NEW YORK (BLOOMBERG) – For more than two decades Chinese companies have turned to the US stock market for capital and international prestige, raising at least US$144 billion (S$190 billion) from some of the world’s largest investors.
Now this pillar of China’s integration with the global financial system is increasingly under threat.
The latest blow arrived on New Year’s Eve, when the New York Stock Exchange said it would delist three state-owned telecom companies to comply with Donald Trump’s November order barring US investments in Chinese firms determined to be owned or controlled by the military. It’s the first time an American exchange has removed a Chinese company as a direct result of rising geopolitical tensions under the outgoing Trump administration.
While the impact on China Mobile and its two peers is likely to be minimal given the bulk of their shares trade in Hong Kong, the delistings underscore the risks for both Chinese and US companies as tensions between the superpowers simmer. China’s largest offshore oil producer fell in Hong Kong on Monday (Jan 4) amid speculation its US shares may enter the crosshairs next. President Trump signed legislation with bipartisan support last month that could kick more Chinese firms off US exchanges unless American regulators can review their financial audits.
“There is bound to be a cost to Chinese companies from being shut out of the US or being delisted,” said George Magnus, a research associate at Oxford University’s China Centre and author of “Red Flags: Why Xi’s China is in Jeopardy.” A listing in the US “looks a less attractive proposition nowadays, particularly if you’re a state-owned enterprise with close links to the People’s Liberation Army or internal security,” Mr Magnus said.
The worry for US companies is that their access to China’s vast economy could be curtailed in any escalation of tit-for-tat sanctions. Wall Street banks are particularly keen to see a ratcheting down of tensions after gaining unprecedented scope to operate in China last year. China’s securities regulator responded to the delistings by calling them groundless and “not a wise move,” though it didn’t outline any plans to retaliate.
NYSE said it will suspend trading in the American depositary shares of China Mobile, China Telecom Corp and China Unicom Hong Kong before Jan 11. In his executive order, Mr Trump said the companies were among those directly supporting the Chinese military, intelligence and security apparatuses and aiding in their development and modernization.
China Unicom and China Mobile said they’re reviewing ways to protect their “lawful rights.” China Telecom said it’s considering options to “safeguard the legitimate interests of the company.”
The affected shares are worth less than 20 billion yuan (S$4.1 billion) and account for at most 2.2 per cent of the total shares in each company, the China Securities Regulatory Commission said in a statement on Jan. 3, adding that the companies are well positioned to handle any fallout.
The firms’ American depositary receipts sank in New York trading Monday, led by China Telecom’s 5.5 per cent drop to the lowest since 2003. China Mobile fell 5.9 per cent to a 2006 low, and China Unicom slipped 3.2 per cent. Oil majors were mixed after an initial decline.
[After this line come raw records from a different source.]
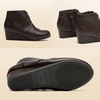 image:imageDREAM PAIRS Girls Boots Low Wedge Winter HeelBrownpu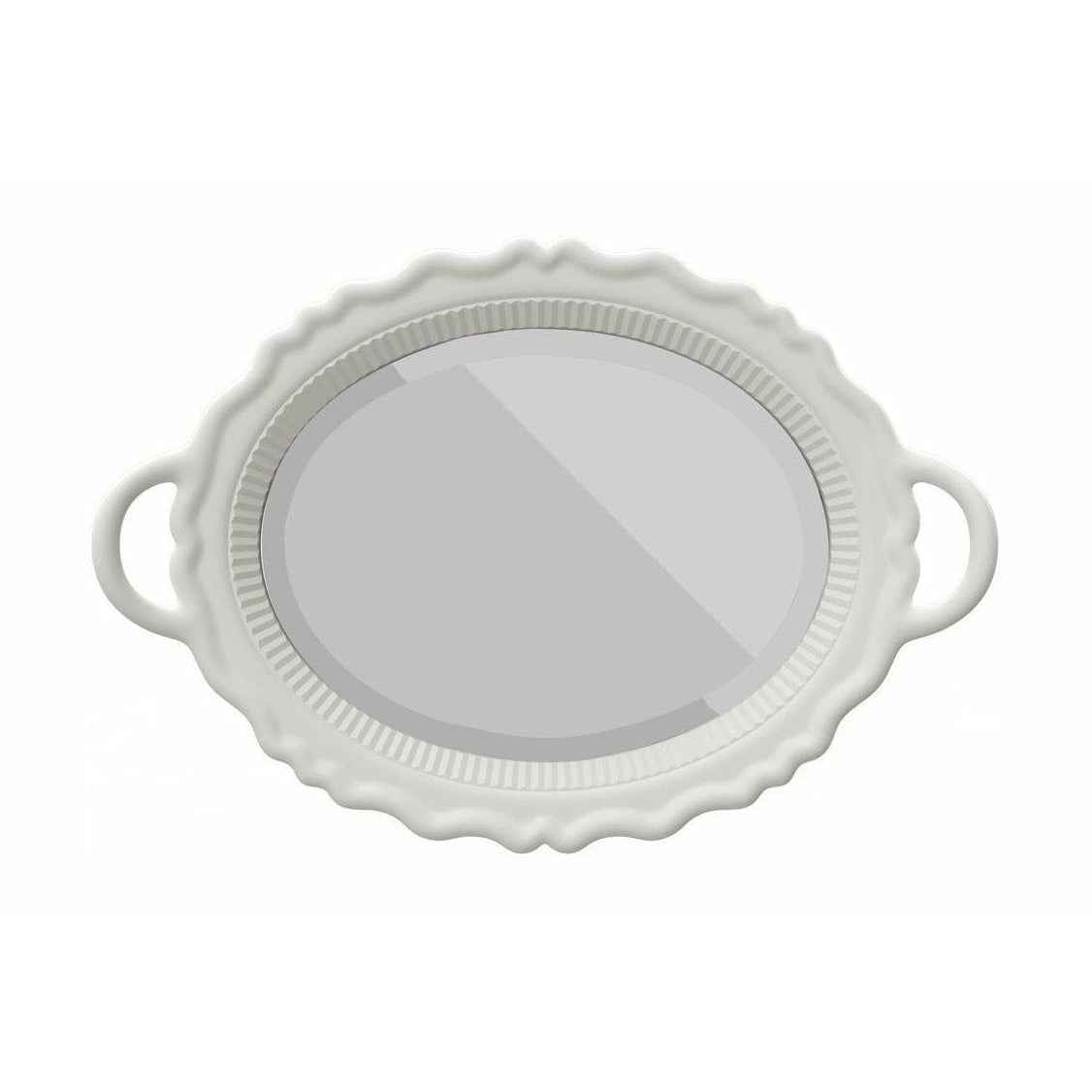 Qeeboo Plateau Miroir Mirror 110x76,5 cm, blanco
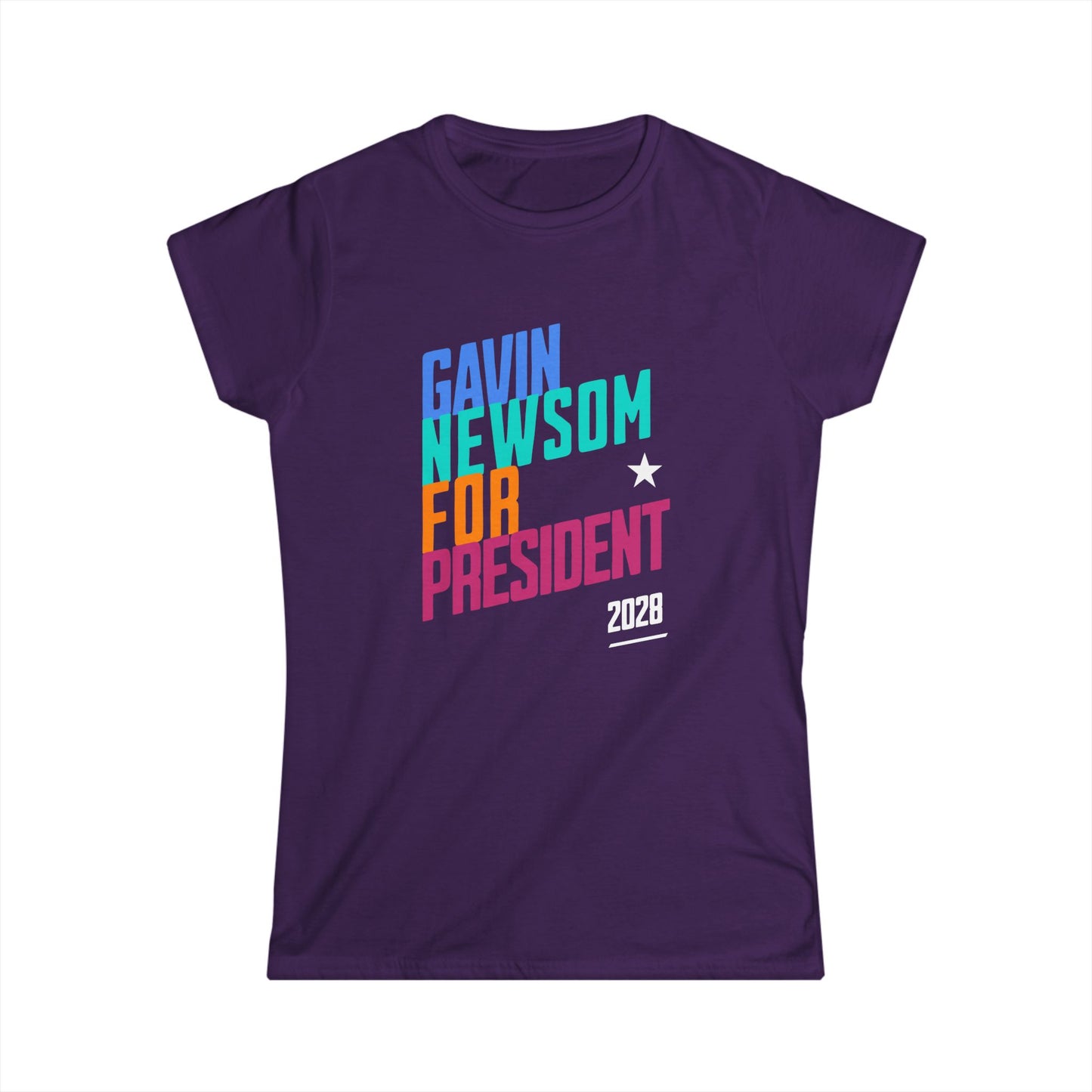Newsom 2028 Womens T-Shirt, Gavin Newsom Presidential Political Campaign, Election Shirt for Democratic Supporters, Political Fashion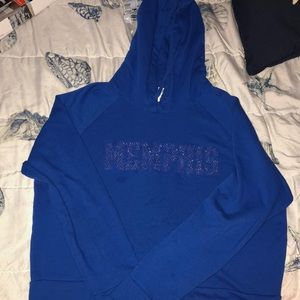 University of Memphis Blue PINK hoodie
China Mobile was among the nation’s first major companies to sell shares in the US, part of a “red chip” boom in 1997 that fizzled as the Asian financial crisis took hold. The IPO performed poorly on its debut, but nonetheless heralded a flood of Chinese listings in the US over the coming decades.
The combined market value of China-domiciled companies with at least a portion of their shares traded in the US now stands at upwards of US$1.9 trillion, a list that includes blue-chip names from Alibaba Group Holding to NetEase and JD.com. Chinese companies raised a record US$36 billion from US initial public offerings and follow-on share sales in 2020, data compiled by Bloomberg show. Companies backed by international venture capital firms often prefer US listings to those in China, which are subject to the nation’s capital controls.
While the figures suggest many companies have shrugged off the risk of delistings, others have been making backup plans. Alibaba, JD.com and NetEase are among those that have added secondary listings in Hong Kong since late 2019.
Speculation that more may follow suit sent shares of Hong Kong Exchanges & Clearing Ltd. up 4 per cent to a record on Monday. Oft-cited candidates for secondary listings include Pinduoduo, a fast-growing e-commerce company that listed in the US in 2018, and Baidu, the search engine operator that debuted on the Nasdaq in 2005.
Chinese President Xi Jinping has also been trying to boost his country’s domestic equity markets in Shanghai and Shenzhen, with a raft of recent reforms to attract tech companies that had historically flocked to New York. Jack Ma’s Ant Group was due to become the highest-profile addition to Shanghai’s much-touted Star board, until the IPO was abruptly shelved by regulators in November.
The outlook for further delistings may depend in large part on how US-China relations evolve after president-elect Joe Biden steps into the White House later this month. While Mr Xi said in a congratulatory message to Mr Biden in November that he hopes to “manage differences” and focus on cooperation between the world’s two largest economies, few expect tensions to ease anytime soon.
“We don’t know as to how the Biden administration will pick up the baton that’s been left by the Trump administration,” Oxford University’s Mr Magnus said. “There will certainly be a transition cost to China if the mood in the US remains sour.”